Data section:
____

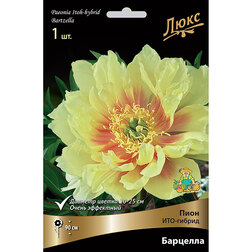 ����  ���� ���-������ �������� (2-3 �����), ������ �� 2125 ���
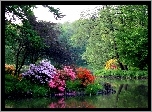 Wiosna, Park, Woda, Rododendrony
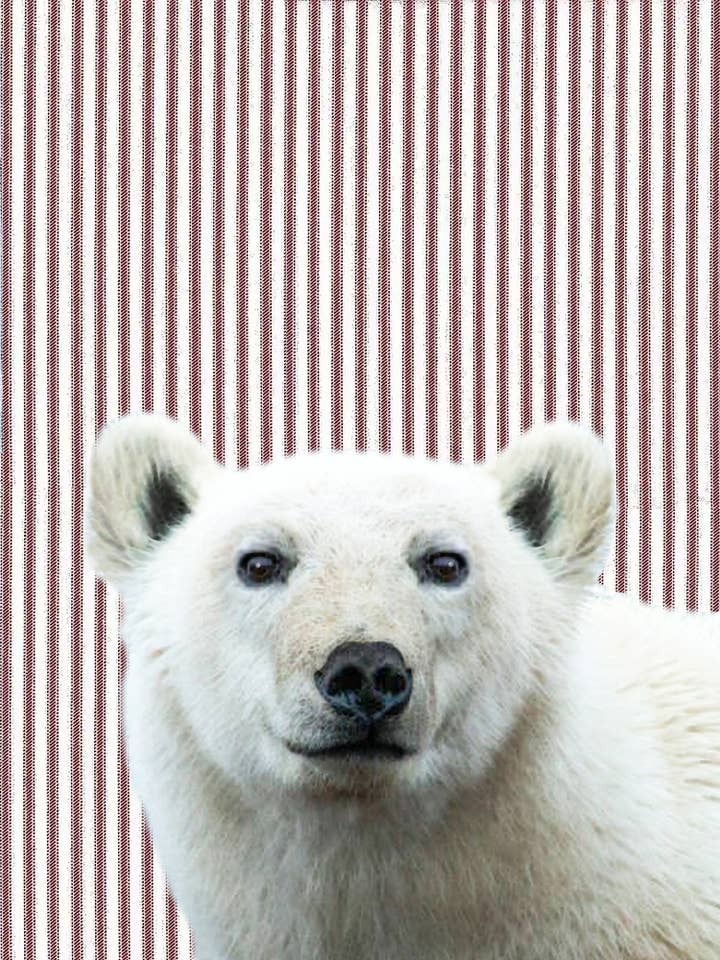 polar bear (ticking stripe) 100% cotton flour sack kitchen towel 18 x 24 inches for wholesale by Alphie and Ollie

____

Task to carry out: Word for word, give the data above again, without any images.

Answer for this exercise:
 ����  ���� ���-������ �������� (2-3 �����), ������ �� 2125 ���
 Wiosna, Park, Woda, Rododendrony
 polar bear (ticking stripe) 100% cotton flour sack kitchen towel 18 x 24 inches for wholesale by Alphie and Ollie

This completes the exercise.